Firstly, all of you non-native speakers may, for all practical purposes, consider Bosnian, Croatian, Serbian and Montenegrian the same language. I am not a linguist and I don't want to go into official definitions, but there is no doubt that, if you say something in official Croatian, all others will have very little to none whatsoever problems understanding you. Same goes for all other combinations. There is the occasional different word here and there, but... *shrug* For example, I'm a Croat, living in Croatia and very aware of most of the differences between languages, and SOMETIMES, when I'm reading a text, I have to read up to five lines of text to determine which language I am actually reading. And that works even for Croatian and Serbian which have one whole class of words with an evident (albeit not too important) difference.

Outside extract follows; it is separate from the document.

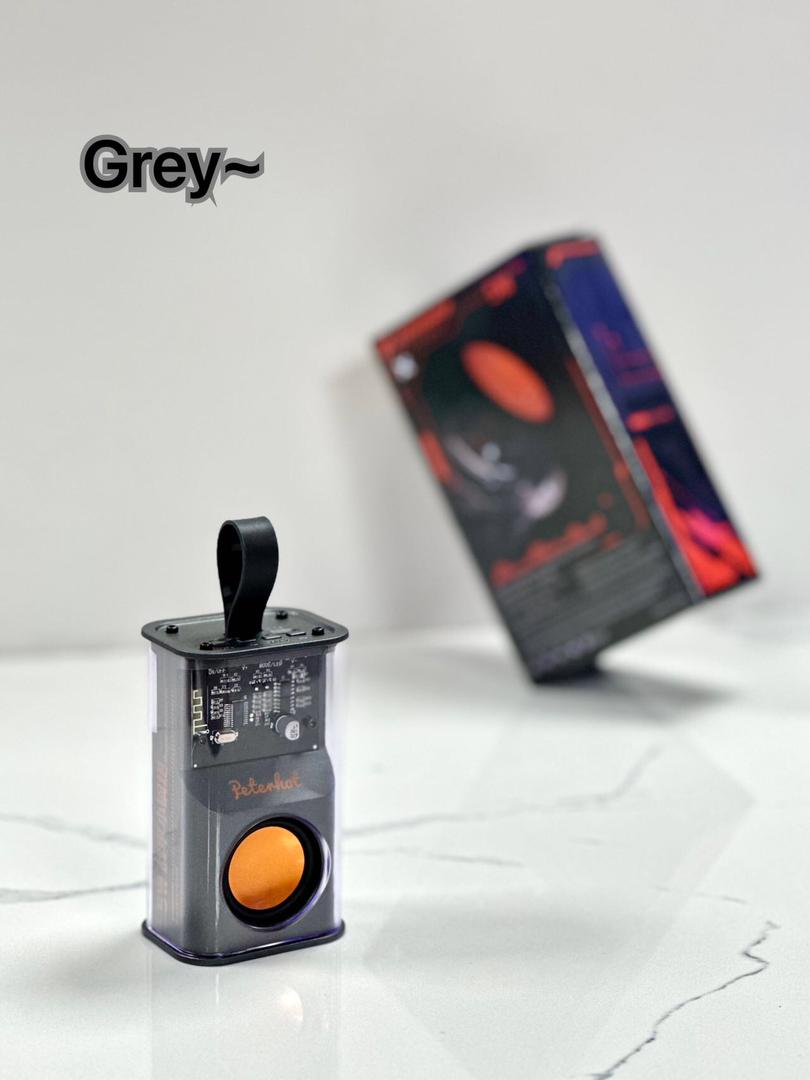ARMOUR  5W portable Bluetooth speaker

So, "Htio bi te pozvat na kavu" is perfectly understandable for everybody. Except it's not 100% correct. This is:

"Htio bih te pozvati na kavu." (corrections underlined)

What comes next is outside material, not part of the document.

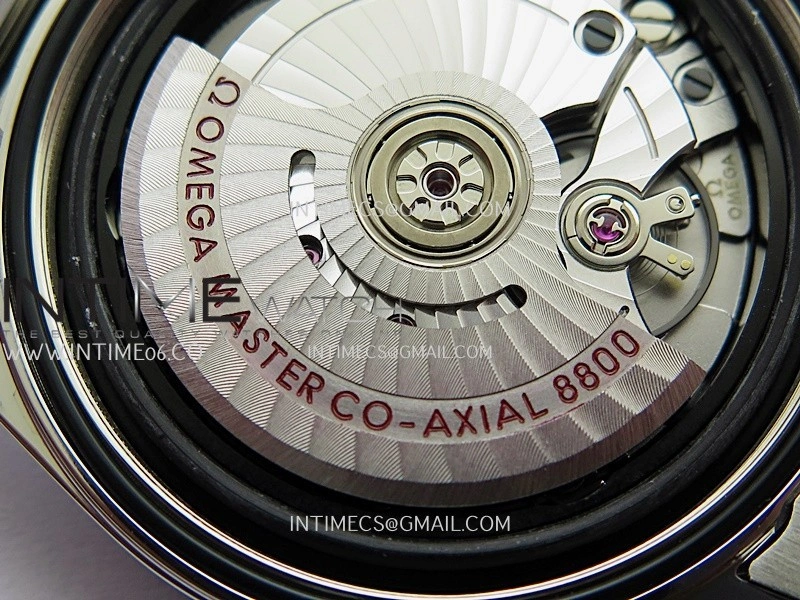 Aqua Terra 150M Master 38mm SS VSF 1:1 Best Edition Black Dial On SS Bracelet Super Clone A8900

"Htio bih" means "I would like (to)" and "pozvati" *is* the infinitive.

"pozvat" is more slangish and basically shortened; we like to shorten things; somethin' like "I'd" instead of "I would". It'd be officially correct if you wrote it with an apostrophe - pozvat' - but that is a matter of literary style and now I'm going too far  When you pronounce it, most likely nobody will notice the difference.

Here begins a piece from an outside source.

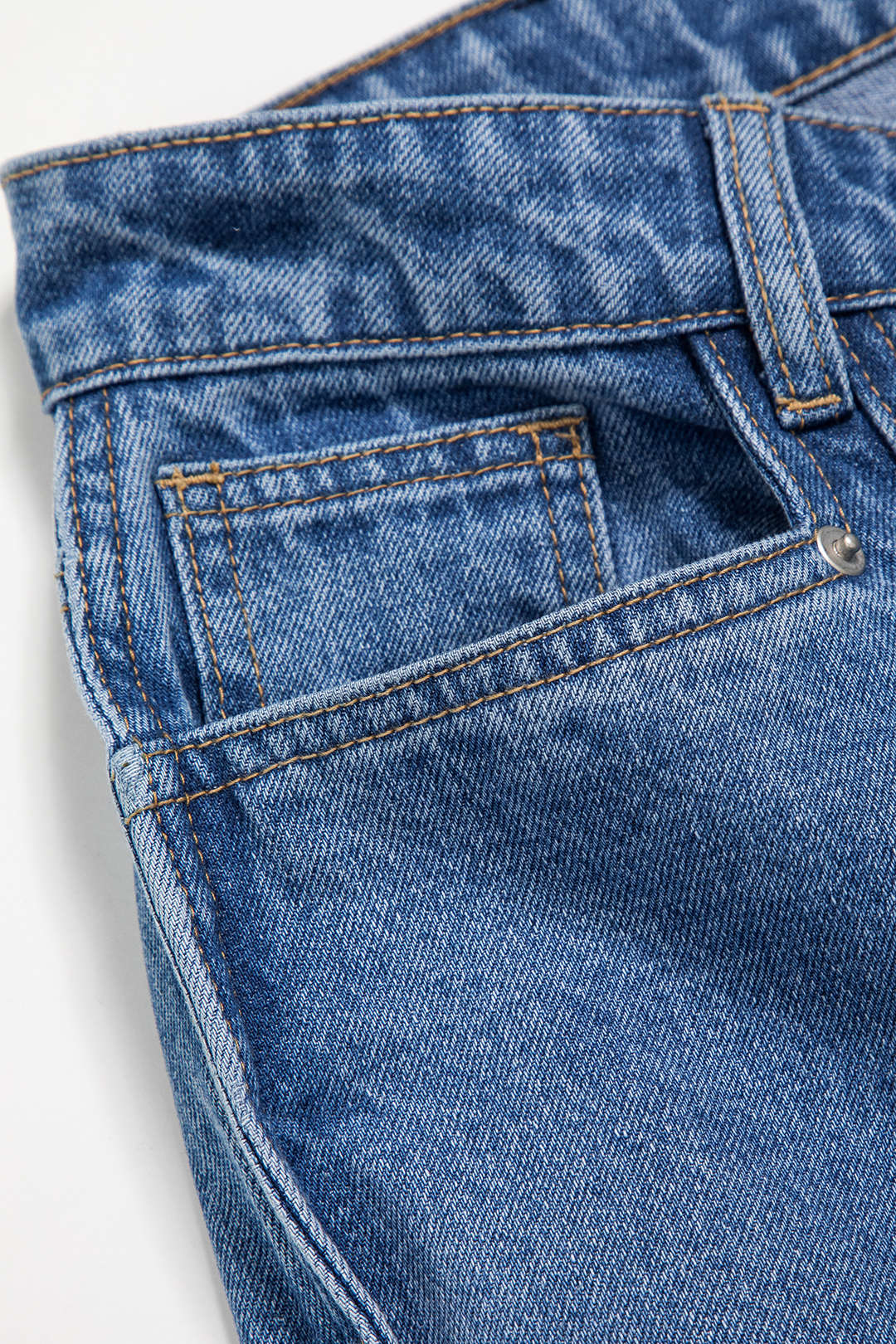 Willa London™ | Effortless Wave Barrel Jeans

Also "bi" is a valid word, but used for second- and third-person singular ("ti bi / on bi" - "you would / he would"), while "bih" is direcly first-person singular, as explained above.

And, for the record, all of this works for "all four languages".


----------



## Gavran

BTW, what would be more "loose" is "Hoćemo (li) na kavu?" ("Wanna go have coffee?")


----------



## Discipulus91

Thank you very much, Gavran! But this lady has a boyfriend so I will not ask her 

Another question: In one month I make holiday in Trogir. You often hear the rule "in north and middle Dalmatia they Speak Cakavisch." But on the maps 
like Čakavisch – Wikipedia you see that they only speak immediately on the coast this dialect - and the on big part of Croatia they Speak Stokavisch, the standart Croatian (even Sibenik on this map Stokavisch..)?!

I know learn in a group a few times Croatian with Stokavisch, it is then very difficult in Trogir?


----------



## iezik

I think it should be fairly easy in Trogir.

I would compare the language situation (foreigner speaking Croatian in Trogir) with a foreigner speaking in Munich in German language. Any German speaking Bavarian with her colleagues would switch to much more standard German when speaking with a foreigner if willing to communicate. Likewise, any Croat speaking shtokavian would switch to much more standard Croatian if wishing to communicate.


----------



## Gavran

iezik said:


> Likewise, any Croat speaking shtokavian would switch to much more standard Croatian if wishing to communicate.


Erm... Shtokavian _is_ the standard...


----------



## iezik

Gavran said:


> Erm... Shtokavian _is_ the standard...


I see. I should have gone to bed earlier that evening. Somehow I read that word as Chakavian


----------



## Discipulus91

Thank you all!  But how it is now?: Do the people in the big part of Dalmatia speak  - contrary to the popular claims - shtokavian and only immediately on the coast they speak Čakavish? Because on the map Dalmatia extends into the inner land.


----------



## Panceltic

Yes, Chakavian is confined to Istria, islands and a very very narrow strip of coast. This is the map of Chakavian area at the end of the 20th century: https://upload.wikimedia.org/wikipedia/commons/5/53/Croatia_Dialects_Cakavian.svg

Compare also this map: https://upload.wikimedia.org/wikipedia/commons/c/c4/Croatian_dialects.PNG


----------



## Zec

Hello, Discipulus91

To add more detail to Panceltic's answer, not only does most of Dalmatia speak Štokavian, but even those Čakavian areas on the coastline are slowly "transforming" into Štokavian, to the point that the only significant difference between them and the standard language is that they are ikavian, and the standard is ijekavian (that is, wherever there is an "ije" or "je" in the standard, there is an "i" in these dialects, for example, they would say "mliko" instead of "mlijeko", meaning "milk"). Probably the most famous example is Split, where most people don't even say "ča" anymore - if you look carefully at Panceltic's second map, you will see the city's area is coloured green, as štokavian. To a smaller extent, such changes are happening in Trogir as well. In any case, as iezik has told you, everyone in Croatia understands the standard language, so you will have absolutely no trouble communicating if you use it.

As for your other question, "Hoćemo na kavu?" is the most usual way to ask the question in a friendly conversation.

Hope this helps


----------



## Discipulus91

Thank you Panceltic and Zec for your very useful and interestings answers! Sry that I have forgotten to thank you!

Greets


----------